Food and live animal shipments have generally strong and accelerating growth properties. Export flows are steadily accelerating, and while imports formally are not, they also tend in the direction of acceleration.
Road vehicle exports and imports show declines over 12 months and six months for both exports and imports; then both flows pop higher over three months especially for imports.
For the rest of trade, which amounts to 90% of it for exports and 83% of it for imports, the patterns remain vexing. Other exports are up solidly over 12 months and accelerate further over six months only to show a modest rate of decline over three months. For imports, the year-on-year gain is small at 2% then substantial declines in shipments are posted over six months and 12 months.

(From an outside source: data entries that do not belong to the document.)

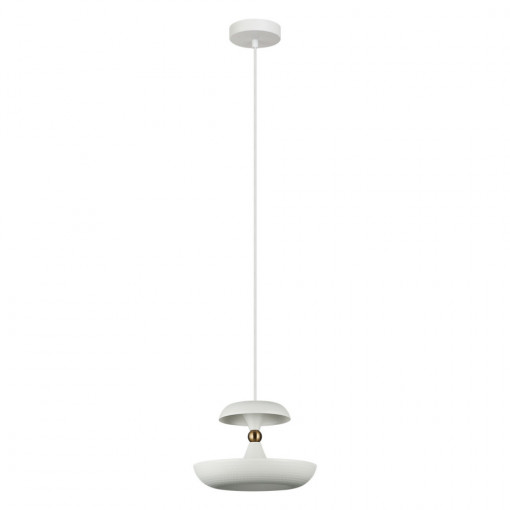 Pendul alb, Pendul metal, Pendul metal alb, Pendul iluminat insula, Pendul interior, Pendul interior culoare alb, Iluminat interior, Pendul masa, Iluminat masa dining, Pendul modern, Iluminat bucatarie, Pendul bucatarie, Pendul insula bucatarie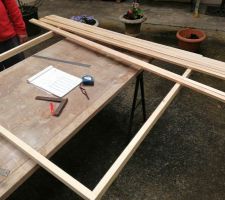 Mise en place fabrication des verri&egrave;res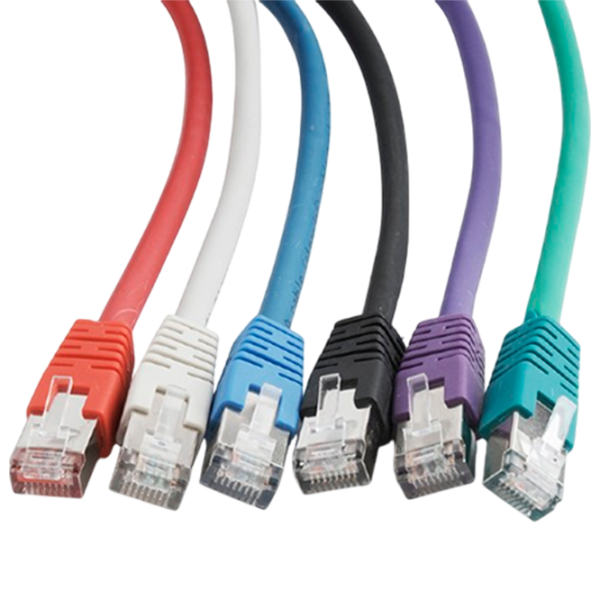 Cablu de date Cablexpert RJ-45 + RJ-45 0.25 m / Gray photo 3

Perhaps none of that is too surprising based on Ireland's overall economic performance that has also been erratic. The PMI data show that Ireland 'boomed' from 2013 through late-2015, then slid into a period of substantially weaker growth but avoided actual contraction. Since mid-2016, Ireland has been reviving strongly again, but with a recent 'tail' to the uptrend. Still, the manufacturing PMI is solid and the service sector PMI is relatively strong. We would expect to see some pick-up in import flows with such growth dynamics, but recent Irish import trends are weak. Actual year-on-year Irish manufacturing output changes have been close to flat or lower for the past year. Despite the more upbeat PMI readings, actual manufacturing output has been stagnant and the retailing sector has been steadily slowing.
Of course, Ireland is caught up in all the Brexit madness. Some financial firms consider Ireland a good location for post-Brexit operations and those sorts of shifts are only starting to commence. Ireland also has been affected by the Brexit-related weakness in the British pound which should have made U.K. firms more competitive, but again we do not see a surge in Irish imports overall.
Clearly, Irish macro and trade data reflect somewhat topsy turvy conditions in Ireland as well as a swirl of policy change around it ranging from Brexit to erratic conditions in the euro area to the potential for another referendum in neighbor Scotland. Through all of this, the balance on the trade account has remained relatively steady and in surplus. Its stability belies the storm of trends that have spilled over the Irish economy.